# 11/22 and its 63* out.....



## lukynskywyrd (Oct 8, 2010)

with a tornado warning to the south....and Im bringing my plow home! What is wrong with this picture??????


----------



## nfisch (Feb 28, 2010)

I did the same thing yesterday, had the window down with the plow on.


----------



## yamahatim (Feb 15, 2010)

That won't last. 10 degrees this morning in Central MN. It's comin' your way boys.


----------



## show-n-go (Feb 5, 2009)

It's been really nice here for over a week. We have only had a few day's of cold weather so far.. i hope when it gets cold we get pounded with snow.


----------



## Pushin 2 Please (Dec 15, 2009)

Cold is moving south. 70* yesterday and 30 today!


----------



## SharpBlades (Sep 13, 2009)

Send it this way!


----------



## lukynskywyrd (Oct 8, 2010)

*33* less today....*

thats more like it.

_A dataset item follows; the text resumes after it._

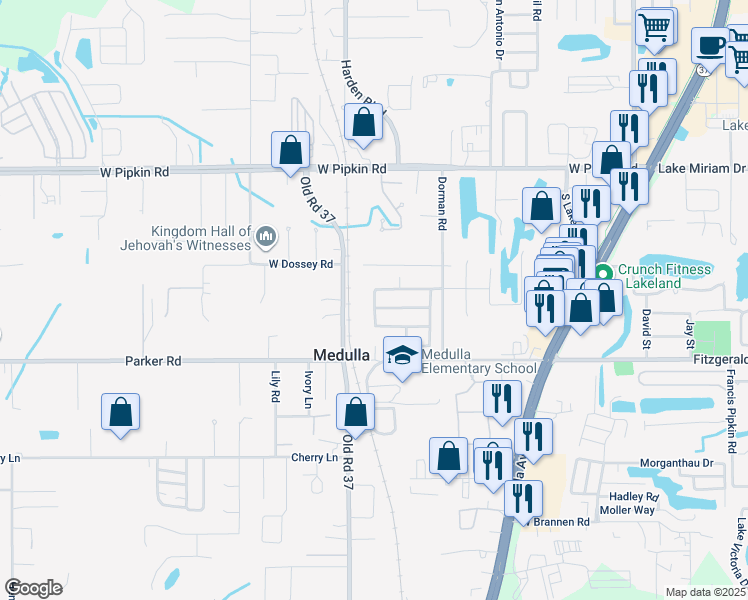 map of restaurants, bars, coffee shops, grocery stores, and more near 811 Krenson Woods Road in Lakeland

We will probably see rain in the southern part of Wisc tomorrow but atleast we are a few days closer to Dec.


----------



## RCsLawncare (Oct 24, 2008)

It was 69 here yesterday, still in leaf mode when it should be snow time... Hopefully in December, it comes around and gets going...


----------



## lukynskywyrd (Oct 8, 2010)

*11/30 and first flakes are sticking....*

this is alot better than yesterdays rain and 48*. Snow in Saturdays forecast.


----------